Vancouver’s live music history is a spirited duet of homegrown acts and near-legendary venues that long ago met the wrecking ball. The 1950s kicked things off with silver-tongued crooners such as Jackie Suave and Johnny Swoon––both from Coquitlam––entertaining smartly-dressed young couples at subterranean, neon-lit supper clubs including the Pink Oyster and the Urbane Wolverine.
The scene changed dramatically in the 1960s. That’s when grassroots bands including the Swinging Ruperts, the Tumblin’ Cumberlands and psychedelic supergroup Nanaimo began performing at a vast array of new venues. Vancouverites of a certain age can still recall great nights at the Laughing Noodle in Japantown, the Prancing Colon on Seymour Street and the cavernous Strathcona Ballroom, where the dancefloor was built over a bouncy layer of fresh-baked bread that had to be replaced every week.
Band-wise, locals were spoiled for choice. B.C. acts that burned brightly (but often briefly) included both the Pine Martens and the Northern Flickers from Gibsons; the Burnabarians, Moody Porters and Patterson Airplane (later Patterson Starship) from Greater Vancouver; and Ambergris, Smashing Kale and Incense Armageddon from Gabriola Island. Albums from any of these bands are now highly sought-after at the Vancouver Flea Market.
Some acts, of course, are better remembered than others. Four clean-cut, tight-suited young lads from North Vancouver, the Sheaples smashed attendance records during their four-week residency at the Hasty Corn Dog in 1962––while simultaneously holding the top-three spots on the all-important Vancouver Billboard Chart. The following year, their single I Want to Hold Your Flan became the fastest-selling record of all time (in Vancouver).
By the early 1970s, though, the scene was showing signs of strain. There were so many bands in the city that meeting a Vancouverite who didn't try to sell you a copy of their latest album was unheard of. The number of live venues had also exploded to the point where every basement, storefront and, in some cases, garden shed seemed to be a full-time performance space.
But locals were tired of heading to a bookstore, public washroom or coffee shop such as Kitsilano’s Really East of Java only to be involuntarily subjected to a live performance of the new xylophone-based concept album by Pink Lloyd or an unwelcome greatest hits showcase from Jethro Dull or The Men They Couldn’t Harangue. During a three-month stretch in mid-1971, every live venue in the city––an estimated 14,500––closed down permanently.

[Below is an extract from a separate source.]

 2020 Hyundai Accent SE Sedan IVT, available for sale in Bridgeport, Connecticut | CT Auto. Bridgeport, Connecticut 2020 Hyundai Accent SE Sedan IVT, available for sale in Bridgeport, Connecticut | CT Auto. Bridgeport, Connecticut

With nowhere to play, most acts quickly broke-up. Jimmi Mango, lead singer of the Chocolate Shrimps, became a BC Ferries lifeboat polisher. Orson Dandy of the Arthur Phillips Project took a job as a White Spot glass-froster. And all four members of the Whirlettes opened a notary public office that thrived until 1993.
But that wasn’t the end of Vancouver’s live scene. In 1978, seven years after the city’s last show, five snarling, safety-pin-covered young men took to a makeshift stage one night in a Gastown butcher shop owned by the father of one of the band. They performed a 20-minute set comprised almost entirely of shouting, urinating and throwing pork chops at the audience. The Shag Buckets had arrived and punk was about to gut-punch Vancouver out of its musical slumber.